Le Maître craignait pour son frère ; il craignait qu’il ne s’égare sur le chemin du mal. Un jour, il alla le trouver et lui dit :
« Je suis venu à toi, Nanda, car je sais que tu es très heureux, et je veux entendre de ta bouche la raison de ce bonheur. Alors, parle, Nanda ; ouvre-moi ton cœur. »
« Frère », répondit Nanda, « je doute que tu comprennes, car tu as autrefois méprisé le pouvoir souverain et tu as déserté l’aimant Gopa ! »
« Tu espères être roi un jour, et c’est pourquoi tu es heureux, Nanda ! »
« Oui. Et je suis aussi heureux parce que j’aime Sundarika, et parce que Sundarika sera bientôt mon épouse. »
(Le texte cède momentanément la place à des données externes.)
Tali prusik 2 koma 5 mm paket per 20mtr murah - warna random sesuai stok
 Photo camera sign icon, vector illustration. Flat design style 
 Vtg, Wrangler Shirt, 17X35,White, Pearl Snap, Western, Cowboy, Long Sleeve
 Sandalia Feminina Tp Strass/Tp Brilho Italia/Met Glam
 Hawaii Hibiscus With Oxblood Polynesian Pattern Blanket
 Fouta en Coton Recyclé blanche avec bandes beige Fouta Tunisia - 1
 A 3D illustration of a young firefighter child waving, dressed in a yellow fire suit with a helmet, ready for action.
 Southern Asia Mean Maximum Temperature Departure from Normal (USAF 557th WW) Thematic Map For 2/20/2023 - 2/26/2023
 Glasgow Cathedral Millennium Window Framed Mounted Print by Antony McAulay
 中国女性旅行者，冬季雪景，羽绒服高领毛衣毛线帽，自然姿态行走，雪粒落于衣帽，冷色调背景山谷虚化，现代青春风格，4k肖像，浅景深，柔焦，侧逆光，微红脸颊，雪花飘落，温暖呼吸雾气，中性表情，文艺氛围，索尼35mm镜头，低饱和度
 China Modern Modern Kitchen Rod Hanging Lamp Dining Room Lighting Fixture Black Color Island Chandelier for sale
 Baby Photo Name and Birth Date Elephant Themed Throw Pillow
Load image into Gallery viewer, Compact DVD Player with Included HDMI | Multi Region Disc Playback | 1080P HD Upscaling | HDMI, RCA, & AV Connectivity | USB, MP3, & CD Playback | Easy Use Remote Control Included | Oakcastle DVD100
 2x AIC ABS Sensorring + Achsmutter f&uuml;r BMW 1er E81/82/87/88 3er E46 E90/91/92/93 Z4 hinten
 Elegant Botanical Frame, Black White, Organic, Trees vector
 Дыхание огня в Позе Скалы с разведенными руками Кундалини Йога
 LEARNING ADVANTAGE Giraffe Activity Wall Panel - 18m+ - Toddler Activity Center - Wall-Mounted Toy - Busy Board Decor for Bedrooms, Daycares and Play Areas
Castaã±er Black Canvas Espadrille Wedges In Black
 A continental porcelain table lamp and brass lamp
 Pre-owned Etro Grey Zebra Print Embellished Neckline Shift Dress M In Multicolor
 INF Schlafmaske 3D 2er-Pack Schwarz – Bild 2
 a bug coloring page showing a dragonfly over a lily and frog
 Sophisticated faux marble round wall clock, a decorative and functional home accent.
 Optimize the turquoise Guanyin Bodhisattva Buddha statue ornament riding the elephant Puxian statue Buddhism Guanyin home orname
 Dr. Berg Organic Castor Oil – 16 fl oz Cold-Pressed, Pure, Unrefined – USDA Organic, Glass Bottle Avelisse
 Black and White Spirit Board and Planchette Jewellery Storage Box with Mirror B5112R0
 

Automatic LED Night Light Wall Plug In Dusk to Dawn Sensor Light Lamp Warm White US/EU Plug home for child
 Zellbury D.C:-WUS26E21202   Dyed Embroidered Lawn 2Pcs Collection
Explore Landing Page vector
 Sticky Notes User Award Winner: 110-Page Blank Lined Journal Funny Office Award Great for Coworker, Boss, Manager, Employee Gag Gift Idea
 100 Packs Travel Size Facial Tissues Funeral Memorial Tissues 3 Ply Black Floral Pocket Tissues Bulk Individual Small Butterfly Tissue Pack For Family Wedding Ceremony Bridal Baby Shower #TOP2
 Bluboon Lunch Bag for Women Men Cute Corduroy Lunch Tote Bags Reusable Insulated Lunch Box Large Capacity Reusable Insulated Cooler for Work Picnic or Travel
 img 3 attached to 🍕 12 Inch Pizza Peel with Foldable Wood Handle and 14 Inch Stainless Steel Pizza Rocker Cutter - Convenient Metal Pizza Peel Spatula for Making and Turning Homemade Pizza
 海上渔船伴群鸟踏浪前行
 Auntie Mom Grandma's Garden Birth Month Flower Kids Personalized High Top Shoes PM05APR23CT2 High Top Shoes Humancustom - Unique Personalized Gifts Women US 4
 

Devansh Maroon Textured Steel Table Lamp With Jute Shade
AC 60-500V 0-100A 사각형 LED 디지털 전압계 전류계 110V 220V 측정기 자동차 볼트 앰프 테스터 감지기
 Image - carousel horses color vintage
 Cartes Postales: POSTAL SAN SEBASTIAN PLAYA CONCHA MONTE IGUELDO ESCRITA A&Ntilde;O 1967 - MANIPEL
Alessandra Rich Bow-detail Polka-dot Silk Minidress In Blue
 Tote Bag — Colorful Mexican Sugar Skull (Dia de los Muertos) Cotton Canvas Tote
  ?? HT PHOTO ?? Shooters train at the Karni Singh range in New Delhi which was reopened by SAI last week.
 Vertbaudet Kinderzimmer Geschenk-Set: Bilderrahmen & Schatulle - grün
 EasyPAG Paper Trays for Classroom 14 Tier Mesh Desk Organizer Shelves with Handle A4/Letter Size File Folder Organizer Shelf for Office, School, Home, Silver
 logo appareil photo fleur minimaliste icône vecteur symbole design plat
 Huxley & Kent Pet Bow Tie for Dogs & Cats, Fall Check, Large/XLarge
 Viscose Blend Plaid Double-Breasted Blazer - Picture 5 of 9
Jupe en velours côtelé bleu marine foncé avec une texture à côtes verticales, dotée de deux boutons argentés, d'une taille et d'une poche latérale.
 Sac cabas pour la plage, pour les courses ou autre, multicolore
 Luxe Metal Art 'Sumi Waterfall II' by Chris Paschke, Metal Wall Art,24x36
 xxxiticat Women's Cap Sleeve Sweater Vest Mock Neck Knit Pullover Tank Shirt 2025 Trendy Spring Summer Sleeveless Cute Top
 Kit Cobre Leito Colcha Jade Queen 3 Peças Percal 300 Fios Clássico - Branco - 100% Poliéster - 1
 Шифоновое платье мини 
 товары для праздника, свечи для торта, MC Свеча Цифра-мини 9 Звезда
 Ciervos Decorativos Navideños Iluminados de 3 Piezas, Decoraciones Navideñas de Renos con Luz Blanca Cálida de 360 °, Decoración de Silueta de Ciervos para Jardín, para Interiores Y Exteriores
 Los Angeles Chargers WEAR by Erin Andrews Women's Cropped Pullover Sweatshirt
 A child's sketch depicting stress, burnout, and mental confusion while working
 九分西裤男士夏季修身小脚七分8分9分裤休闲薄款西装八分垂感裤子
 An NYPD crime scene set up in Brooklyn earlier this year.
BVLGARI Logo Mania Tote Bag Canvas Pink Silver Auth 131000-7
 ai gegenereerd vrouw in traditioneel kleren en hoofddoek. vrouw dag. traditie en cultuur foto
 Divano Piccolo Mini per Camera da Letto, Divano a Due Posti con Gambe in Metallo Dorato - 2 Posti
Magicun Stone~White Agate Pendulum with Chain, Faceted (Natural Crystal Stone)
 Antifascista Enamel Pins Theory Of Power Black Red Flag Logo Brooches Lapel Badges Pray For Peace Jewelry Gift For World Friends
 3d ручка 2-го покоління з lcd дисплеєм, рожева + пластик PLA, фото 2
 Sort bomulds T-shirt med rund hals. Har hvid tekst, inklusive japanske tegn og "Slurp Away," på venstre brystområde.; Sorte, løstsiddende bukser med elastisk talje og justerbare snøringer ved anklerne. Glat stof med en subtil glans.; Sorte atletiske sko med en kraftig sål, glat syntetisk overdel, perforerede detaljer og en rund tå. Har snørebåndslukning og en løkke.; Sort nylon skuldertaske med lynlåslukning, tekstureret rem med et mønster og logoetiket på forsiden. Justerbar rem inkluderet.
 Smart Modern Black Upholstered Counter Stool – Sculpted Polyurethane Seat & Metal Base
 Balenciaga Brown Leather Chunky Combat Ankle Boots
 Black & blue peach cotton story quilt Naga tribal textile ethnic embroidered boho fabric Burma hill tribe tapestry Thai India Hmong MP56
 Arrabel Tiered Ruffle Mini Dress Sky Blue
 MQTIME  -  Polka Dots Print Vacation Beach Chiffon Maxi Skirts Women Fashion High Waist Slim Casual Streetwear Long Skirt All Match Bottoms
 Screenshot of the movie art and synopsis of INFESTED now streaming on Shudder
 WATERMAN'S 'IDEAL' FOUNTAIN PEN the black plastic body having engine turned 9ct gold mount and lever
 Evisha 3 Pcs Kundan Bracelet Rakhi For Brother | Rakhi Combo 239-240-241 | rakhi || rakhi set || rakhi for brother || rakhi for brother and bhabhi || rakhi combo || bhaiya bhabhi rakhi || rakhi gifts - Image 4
« Pauvre homme ! » s’écria le Maître. « Comment peux-tu être heureux, toi qui vis dans les ténèbres ? Veux-tu voir la lumière ? Alors, débarrasse-toi d’abord du bonheur : la peur naît du bonheur, de la peur et de la souffrance. Celui qui ne connaît plus le bonheur ne craint ni ne souffre. Débarrasse-toi de l’amour : la peur naît de l’amour, de la peur et de la souffrance. Celui qui ne connaît plus l’amour ne craint ni ne souffre. Si tu cherches le bonheur dans le monde, tes efforts seront vains, ton plaisir se changera en douleur ; la mort est toujours présente, prête à fondre sur les malheureux et à faire taire leurs rires et leurs chants. Le monde n’est que flammes et fumée, et tout au monde souffre de la naissance, de la vieillesse et de la mort. Depuis que tu as commencé à errer pitoyablement d’existence en existence, tu as versé plus de larmes qu’il n’y a d’eau dans les rivières ou dans les mers. Vous avez été affligés et vous avez pleuré d’avoir été contrariés dans vos désirs, et vous avez pleuré et vous avez été affligés lorsque ce que vous redoutiez est arrivé. La mort d’une mère, d’un père, d’un frère, d’une sœur, d’un fils, d’une fille, oh, combien de fois, à travers les âges, ne vous ont-elles pas causé du chagrin ? Et combien de fois n’avez-vous pas perdu votre fortune ? Et chaque fois que vous avez eu un sujet de chagrin, vous avez pleuré, pleuré, pleuré, et vous avez versé plus de larmes qu’il n’y a d’eau dans les rivières ou dans les mers !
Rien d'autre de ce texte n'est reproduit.